Zur Einführung des MainTaler trifft sich eine Gruppe von Personen, die Interesse an der Einführung haben. An diesem Tag soll u.a. entschieden werden ob nach den hier geschilderten Kriterien die Idee des MainTalerGutscheins umgesetzt wird oder ob noch Änderungen erforderlich sind.

Bei MainTaler Treffen werden Angebot und Nachfrage getauscht, Kontakte geknüpft sowie aktuelle Anliegen besprochen. Werden MainTaler überregional eingesetzt, so wandern sie im Lauf ihrer Gültigkeitsdauer wieder zurück in die Region ihrer Entstehung. Schlußendlich werden sie beim Herausgeber des jeweiligen Gutscheins eingelöst. Jeder einzelne MainTalerGutschein trägt Name und Adresse des Schöpfers, eine Wertangabe und Datum der Ausgabe des Herausgebers und eine Gültigkeitsdauer (Jahresende der Gutschein-Schöpfung plus 5 Jahre). Zusätzlich ist jeder MainTalerGutschein gedeckt durch zwei Bürgen (weiblich und männlich). Die Akzeptanz des MainTaler ist natürlich am höchsten in der Region seiner jeweiligen Schöpfung. Jedoch darf jeder Mensch weltweit auch Gutscheine anderer Regionen annehmen und benutzen. Im Besonderen profitiert die regionale Urproduktion vom MainTaler:
Landwirtschaft, Gartenbau, Handwerk sowie soziale Dienstleistungen

Die Idee des MainTalers stammt von Heinz-Joachim Pethke, der das Konzept von Konstantin Kirsch aufgegriffen hat. Kirsch hat die http://Minuto-Zeitgutscheine.de  ins Leben gerufen, wobei ihm Frau Prof. Dr. Margrit Kennedy zur Seite stand, die ihrerseits als Regiogeld-Päpstin bezeichnet werden kann. Projektbegleitung in Maintal hat die Stiftung "MainTaler" http://maintaler.net übernommen.

 

 

„MaintalerKooperationskasse“ (MKK)


Wie bei Genossenschaften üblich, werden zunächst von solventen Bürgern Einlagen in Euro erbracht, die krisensicher zur Förderung der wirtschaftlichen, sozialen Belange ihrer Mitgliederangelegt werden sollen.

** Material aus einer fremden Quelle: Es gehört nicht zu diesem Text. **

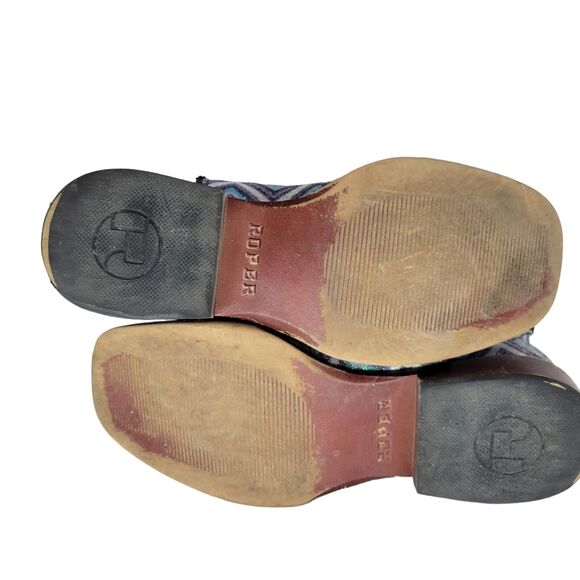 Roper Western Boots Girls Size 2 Black Purple Square Toe Bling Cowgirl Pull On - Picture 6 of 9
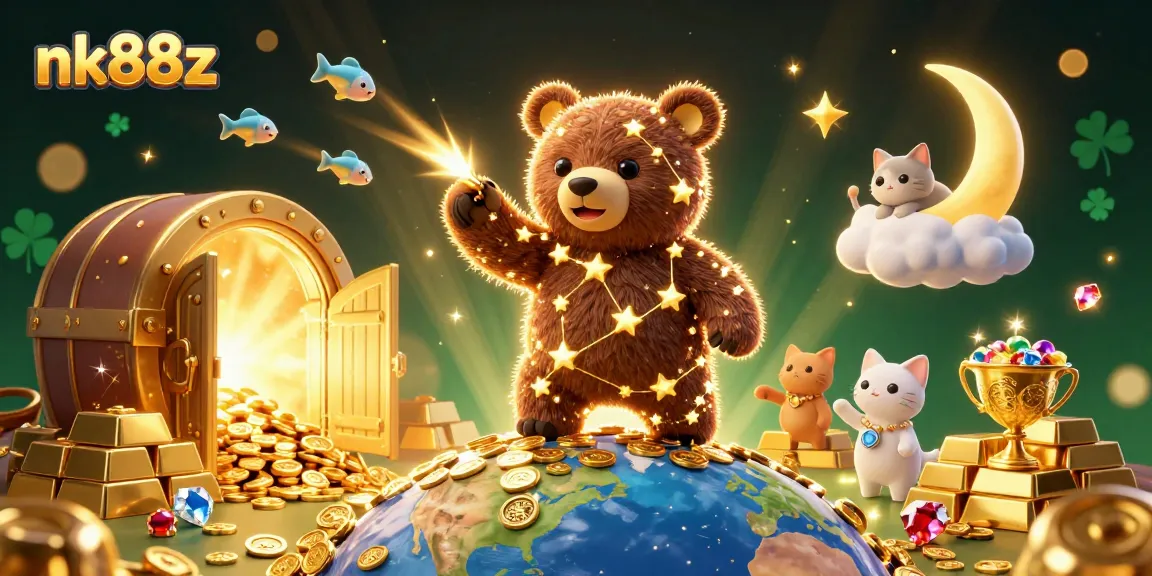 Win big with nk88z in an engaging, vibrant casino-themed scene full of treasures.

Viele BürgerInnen, insbesondere Kleingewerbetreibende haben in der Regel keinen Zugang zu üblichen Bankkrediten, da sie keine dinglichen Sicherheiten stellen können und der Aufwand pro Kredit den klassischen Banken zu hoch erscheint.

Diesen Menschen wird durch Mikro-Kredite die wirtschaftliche Tätigkeit erhöht und damit mittelbar auch der Lebensstandard, ablesbar an Marktzugang, organisierter Arbeit, Ansehen und Erhöhung wirtschaftlichen Erfolgs. Doch setzen Mikrokredite auch einen gewissen Grad an Selbständigkeit voraus.

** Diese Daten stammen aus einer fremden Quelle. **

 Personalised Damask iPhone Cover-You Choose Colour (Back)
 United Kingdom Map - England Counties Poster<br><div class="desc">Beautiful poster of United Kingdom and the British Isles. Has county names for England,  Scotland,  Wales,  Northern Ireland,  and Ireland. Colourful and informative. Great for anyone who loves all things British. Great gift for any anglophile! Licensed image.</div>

Die MKK existiert bereits -zunächst als nicht eingetragener Verein- mit einem Konto bei der VRB Main-Kinzig-Büdingen. Jede Privatperson kann Mitglied werden. Die Guthaben werden ebenso verzinst wie die Kredite. Ihre Mittel werden ausschließlich in Sachwerte investiert oder dienen der Auslegung von Mikrokrediten. Die Vergabe der Kredite bedingt eine Besicherung durch zwei Bürgen, wie das auch bei den MainTalerGutscheinen üblich ist.